Hemisphere Project


The Hemisphere Project, also called simply Hemisphere, is a mass surveillance program conducted by US telephone company AT&T and paid for by the White House Office of National Drug Control Policy and the Drug Enforcement Administration.
AT&T employees work alongside the DEA and local law enforcement agencies at High Intensity Drug Trafficking Area offices in Los Angeles, Atlanta, Dallas and Houston, where they supply officials with metadata from a database of telephone calls dating back to 1987. The information is handed over in response to subpoenas, rather than search warrants. The DEA has the power to issue "administrative subpoenas" without involvement of a court. Call detail records are collected for all calls handled by AT&T's switches, not only calls placed by AT&T customers. The records include the caller's location and number around four billion per day. A telephone call may create more than one entry in the database.
The program began in 2007 or earlier, but did not become public until 2013, when activist Drew Hendricks found a Powerpoint file about it among materials turned over in response to a FOIA request. Marked as "law enforcement sensitive", the file gives examples of suspects said to have been found with Hemisphere data. Several of the suspects given as examples were wanted in connection to crimes unrelated to drugs, such as making bomb threats, impersonating a military officer, and theft from a jewelry store.
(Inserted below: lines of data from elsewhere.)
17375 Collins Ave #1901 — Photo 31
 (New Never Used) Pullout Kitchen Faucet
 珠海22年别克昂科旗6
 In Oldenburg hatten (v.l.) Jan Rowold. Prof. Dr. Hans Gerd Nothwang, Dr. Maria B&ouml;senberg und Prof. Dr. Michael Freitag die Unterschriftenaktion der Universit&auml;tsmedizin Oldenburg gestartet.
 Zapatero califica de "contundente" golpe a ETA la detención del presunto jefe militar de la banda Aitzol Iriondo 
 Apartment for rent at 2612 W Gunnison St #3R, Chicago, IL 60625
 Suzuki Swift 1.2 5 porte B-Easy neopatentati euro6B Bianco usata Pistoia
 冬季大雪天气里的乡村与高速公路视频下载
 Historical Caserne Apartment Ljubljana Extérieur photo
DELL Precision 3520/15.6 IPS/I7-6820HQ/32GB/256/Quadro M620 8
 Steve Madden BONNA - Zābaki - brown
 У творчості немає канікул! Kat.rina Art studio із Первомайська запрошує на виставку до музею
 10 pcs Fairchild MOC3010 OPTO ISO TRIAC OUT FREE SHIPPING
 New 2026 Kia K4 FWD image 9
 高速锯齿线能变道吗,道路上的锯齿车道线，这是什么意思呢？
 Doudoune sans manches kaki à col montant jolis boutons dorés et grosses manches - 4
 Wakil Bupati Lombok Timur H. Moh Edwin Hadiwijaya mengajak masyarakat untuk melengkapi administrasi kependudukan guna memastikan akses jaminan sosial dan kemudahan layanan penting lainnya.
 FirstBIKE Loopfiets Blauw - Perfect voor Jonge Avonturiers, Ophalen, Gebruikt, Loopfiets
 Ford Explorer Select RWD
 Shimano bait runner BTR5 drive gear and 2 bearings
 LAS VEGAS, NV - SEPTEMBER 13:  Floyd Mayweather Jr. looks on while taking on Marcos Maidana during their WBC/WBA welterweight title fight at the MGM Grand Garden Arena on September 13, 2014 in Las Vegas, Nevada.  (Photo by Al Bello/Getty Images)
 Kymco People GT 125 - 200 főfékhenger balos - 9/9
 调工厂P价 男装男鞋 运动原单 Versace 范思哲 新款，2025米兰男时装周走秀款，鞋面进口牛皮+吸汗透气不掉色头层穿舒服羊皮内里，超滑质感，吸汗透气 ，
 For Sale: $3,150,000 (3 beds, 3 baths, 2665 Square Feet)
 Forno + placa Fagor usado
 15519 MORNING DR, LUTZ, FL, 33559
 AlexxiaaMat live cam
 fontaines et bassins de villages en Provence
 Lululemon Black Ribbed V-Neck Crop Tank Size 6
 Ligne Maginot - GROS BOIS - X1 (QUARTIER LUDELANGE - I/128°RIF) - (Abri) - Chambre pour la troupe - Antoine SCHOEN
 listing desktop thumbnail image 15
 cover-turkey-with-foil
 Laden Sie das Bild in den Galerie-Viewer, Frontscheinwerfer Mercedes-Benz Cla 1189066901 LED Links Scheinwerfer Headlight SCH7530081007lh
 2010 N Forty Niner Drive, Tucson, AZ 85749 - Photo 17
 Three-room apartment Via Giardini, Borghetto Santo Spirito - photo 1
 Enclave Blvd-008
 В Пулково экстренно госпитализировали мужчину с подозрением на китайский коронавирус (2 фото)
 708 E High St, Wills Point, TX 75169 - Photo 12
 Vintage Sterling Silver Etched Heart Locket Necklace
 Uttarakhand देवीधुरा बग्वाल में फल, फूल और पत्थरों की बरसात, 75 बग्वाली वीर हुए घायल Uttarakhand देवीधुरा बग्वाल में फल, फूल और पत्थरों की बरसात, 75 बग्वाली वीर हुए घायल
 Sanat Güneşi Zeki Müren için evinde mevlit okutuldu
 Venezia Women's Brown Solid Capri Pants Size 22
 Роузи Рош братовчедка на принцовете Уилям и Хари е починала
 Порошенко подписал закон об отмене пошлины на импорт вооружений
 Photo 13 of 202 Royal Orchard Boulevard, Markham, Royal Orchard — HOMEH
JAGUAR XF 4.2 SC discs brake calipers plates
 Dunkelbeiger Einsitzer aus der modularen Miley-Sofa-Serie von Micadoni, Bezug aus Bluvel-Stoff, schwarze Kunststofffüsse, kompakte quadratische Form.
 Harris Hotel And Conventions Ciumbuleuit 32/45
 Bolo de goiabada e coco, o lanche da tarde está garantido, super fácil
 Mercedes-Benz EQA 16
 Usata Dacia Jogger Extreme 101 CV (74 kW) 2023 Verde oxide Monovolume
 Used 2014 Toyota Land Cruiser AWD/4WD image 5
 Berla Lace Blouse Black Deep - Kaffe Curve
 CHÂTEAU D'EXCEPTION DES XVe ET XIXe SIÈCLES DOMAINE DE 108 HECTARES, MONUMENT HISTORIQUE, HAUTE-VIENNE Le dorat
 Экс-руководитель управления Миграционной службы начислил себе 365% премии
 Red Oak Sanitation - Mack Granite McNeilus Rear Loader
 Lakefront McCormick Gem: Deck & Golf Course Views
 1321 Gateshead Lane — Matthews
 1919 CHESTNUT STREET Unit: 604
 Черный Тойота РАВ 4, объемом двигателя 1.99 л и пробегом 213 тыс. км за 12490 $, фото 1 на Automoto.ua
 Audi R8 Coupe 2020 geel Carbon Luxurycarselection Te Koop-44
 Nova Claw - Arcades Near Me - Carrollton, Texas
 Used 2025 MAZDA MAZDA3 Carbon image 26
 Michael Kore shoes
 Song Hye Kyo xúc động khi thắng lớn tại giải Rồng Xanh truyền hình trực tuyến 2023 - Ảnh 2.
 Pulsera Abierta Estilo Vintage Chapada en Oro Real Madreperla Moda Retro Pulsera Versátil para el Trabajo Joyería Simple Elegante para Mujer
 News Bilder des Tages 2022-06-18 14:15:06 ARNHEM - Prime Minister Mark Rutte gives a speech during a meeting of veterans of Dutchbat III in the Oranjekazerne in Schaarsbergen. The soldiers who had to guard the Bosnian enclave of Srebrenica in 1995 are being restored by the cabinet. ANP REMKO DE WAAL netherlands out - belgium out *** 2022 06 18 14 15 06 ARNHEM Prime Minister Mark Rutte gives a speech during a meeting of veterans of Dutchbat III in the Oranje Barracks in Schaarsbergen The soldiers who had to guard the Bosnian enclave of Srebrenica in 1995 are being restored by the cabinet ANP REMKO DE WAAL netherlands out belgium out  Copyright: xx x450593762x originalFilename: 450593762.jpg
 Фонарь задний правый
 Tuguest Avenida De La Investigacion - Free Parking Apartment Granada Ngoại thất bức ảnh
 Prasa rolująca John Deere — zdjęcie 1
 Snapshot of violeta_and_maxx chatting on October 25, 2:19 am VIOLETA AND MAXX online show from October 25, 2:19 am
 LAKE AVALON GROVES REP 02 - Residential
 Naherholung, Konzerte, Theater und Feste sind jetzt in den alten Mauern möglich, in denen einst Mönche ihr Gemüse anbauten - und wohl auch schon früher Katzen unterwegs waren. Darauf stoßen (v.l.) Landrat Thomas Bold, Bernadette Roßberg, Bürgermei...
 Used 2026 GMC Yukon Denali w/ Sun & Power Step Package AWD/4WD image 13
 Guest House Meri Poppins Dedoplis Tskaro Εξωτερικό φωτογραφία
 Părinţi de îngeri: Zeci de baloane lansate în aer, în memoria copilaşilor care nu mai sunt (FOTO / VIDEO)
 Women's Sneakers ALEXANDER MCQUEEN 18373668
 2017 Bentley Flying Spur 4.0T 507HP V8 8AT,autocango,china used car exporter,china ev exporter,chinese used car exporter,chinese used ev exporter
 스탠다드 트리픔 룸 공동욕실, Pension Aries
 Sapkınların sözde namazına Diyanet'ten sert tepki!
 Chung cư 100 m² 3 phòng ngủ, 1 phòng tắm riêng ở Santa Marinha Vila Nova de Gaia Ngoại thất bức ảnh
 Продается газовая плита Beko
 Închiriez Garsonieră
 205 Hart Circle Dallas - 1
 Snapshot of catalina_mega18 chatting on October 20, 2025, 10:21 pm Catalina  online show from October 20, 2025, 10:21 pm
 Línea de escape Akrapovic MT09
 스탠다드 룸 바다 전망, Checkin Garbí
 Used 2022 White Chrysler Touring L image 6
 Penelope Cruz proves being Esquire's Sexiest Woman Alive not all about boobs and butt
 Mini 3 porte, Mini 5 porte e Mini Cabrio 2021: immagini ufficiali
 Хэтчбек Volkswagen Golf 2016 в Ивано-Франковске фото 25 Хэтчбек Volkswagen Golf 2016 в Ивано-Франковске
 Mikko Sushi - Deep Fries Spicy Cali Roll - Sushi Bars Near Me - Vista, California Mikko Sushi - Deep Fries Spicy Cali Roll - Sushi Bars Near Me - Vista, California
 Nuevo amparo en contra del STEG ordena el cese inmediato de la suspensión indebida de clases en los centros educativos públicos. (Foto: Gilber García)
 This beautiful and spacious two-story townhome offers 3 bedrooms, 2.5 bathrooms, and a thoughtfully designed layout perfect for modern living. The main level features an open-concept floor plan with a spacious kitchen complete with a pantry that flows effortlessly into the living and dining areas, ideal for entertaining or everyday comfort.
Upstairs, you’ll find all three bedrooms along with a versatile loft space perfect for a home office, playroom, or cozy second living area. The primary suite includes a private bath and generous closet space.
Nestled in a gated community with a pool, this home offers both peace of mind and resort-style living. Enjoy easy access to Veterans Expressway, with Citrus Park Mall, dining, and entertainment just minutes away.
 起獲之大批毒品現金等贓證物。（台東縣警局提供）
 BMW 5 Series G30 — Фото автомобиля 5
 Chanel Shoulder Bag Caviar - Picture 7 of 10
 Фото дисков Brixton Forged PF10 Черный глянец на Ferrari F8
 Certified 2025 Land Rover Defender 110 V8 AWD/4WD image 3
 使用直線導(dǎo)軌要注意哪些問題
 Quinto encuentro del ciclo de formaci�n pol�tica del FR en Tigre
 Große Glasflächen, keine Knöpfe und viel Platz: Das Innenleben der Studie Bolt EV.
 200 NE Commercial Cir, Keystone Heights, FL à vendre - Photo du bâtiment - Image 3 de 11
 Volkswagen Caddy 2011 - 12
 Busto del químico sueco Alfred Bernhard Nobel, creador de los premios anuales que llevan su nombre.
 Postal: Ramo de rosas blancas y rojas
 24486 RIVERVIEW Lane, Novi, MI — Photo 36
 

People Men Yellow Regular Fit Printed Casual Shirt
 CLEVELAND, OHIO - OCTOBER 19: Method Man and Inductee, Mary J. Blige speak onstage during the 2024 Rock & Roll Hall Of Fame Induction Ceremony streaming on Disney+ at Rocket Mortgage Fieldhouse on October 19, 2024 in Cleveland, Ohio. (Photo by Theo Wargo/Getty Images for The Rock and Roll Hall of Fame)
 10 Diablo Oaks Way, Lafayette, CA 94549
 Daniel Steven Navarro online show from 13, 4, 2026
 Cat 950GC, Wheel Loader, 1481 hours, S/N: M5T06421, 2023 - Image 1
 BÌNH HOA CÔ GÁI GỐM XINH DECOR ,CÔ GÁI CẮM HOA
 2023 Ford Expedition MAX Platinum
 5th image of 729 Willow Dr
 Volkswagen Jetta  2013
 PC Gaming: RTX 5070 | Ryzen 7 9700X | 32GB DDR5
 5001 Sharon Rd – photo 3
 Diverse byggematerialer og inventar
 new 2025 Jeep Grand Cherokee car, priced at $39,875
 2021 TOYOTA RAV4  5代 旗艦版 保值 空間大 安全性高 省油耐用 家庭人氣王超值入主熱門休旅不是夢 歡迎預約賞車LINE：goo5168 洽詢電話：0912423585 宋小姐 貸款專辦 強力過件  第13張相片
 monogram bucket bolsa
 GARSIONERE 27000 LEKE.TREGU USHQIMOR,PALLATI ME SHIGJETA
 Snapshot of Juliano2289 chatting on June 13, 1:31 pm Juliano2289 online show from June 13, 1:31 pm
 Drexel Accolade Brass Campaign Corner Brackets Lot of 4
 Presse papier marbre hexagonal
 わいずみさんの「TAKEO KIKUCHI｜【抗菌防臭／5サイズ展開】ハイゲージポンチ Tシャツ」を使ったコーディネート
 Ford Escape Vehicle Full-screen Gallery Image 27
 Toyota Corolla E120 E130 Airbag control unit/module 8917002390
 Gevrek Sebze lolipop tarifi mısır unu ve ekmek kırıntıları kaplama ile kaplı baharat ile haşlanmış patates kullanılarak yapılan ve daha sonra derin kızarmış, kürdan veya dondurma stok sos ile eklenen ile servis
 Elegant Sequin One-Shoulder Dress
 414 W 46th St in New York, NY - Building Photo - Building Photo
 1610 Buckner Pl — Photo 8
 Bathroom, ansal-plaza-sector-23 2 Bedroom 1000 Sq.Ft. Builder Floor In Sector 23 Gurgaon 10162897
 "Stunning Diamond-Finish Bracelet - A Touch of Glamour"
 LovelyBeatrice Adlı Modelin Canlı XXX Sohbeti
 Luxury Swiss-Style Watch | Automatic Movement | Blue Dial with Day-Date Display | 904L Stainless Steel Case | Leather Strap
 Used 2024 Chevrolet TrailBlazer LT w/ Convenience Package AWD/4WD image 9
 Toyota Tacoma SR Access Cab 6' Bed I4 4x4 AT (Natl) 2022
The White House said that the data raises no privacy concerns, a statement contradicted by Jameel Jaffer of the ACLU, who said he would "speculate that one reason for the secrecy of the program is that it would be very hard to justify it to the public or the courts."
The program was likened to proposals made by legislators after the disclosure of PRISM, in particular one by Representative Adam Schiff who had called for a "look at changing the telephone metadata program by having phone companies retain their own data, rather of the government."
Spokespeople for Sprint, Verizon and T-mobile USA would not comment on whether their companies offered similar services.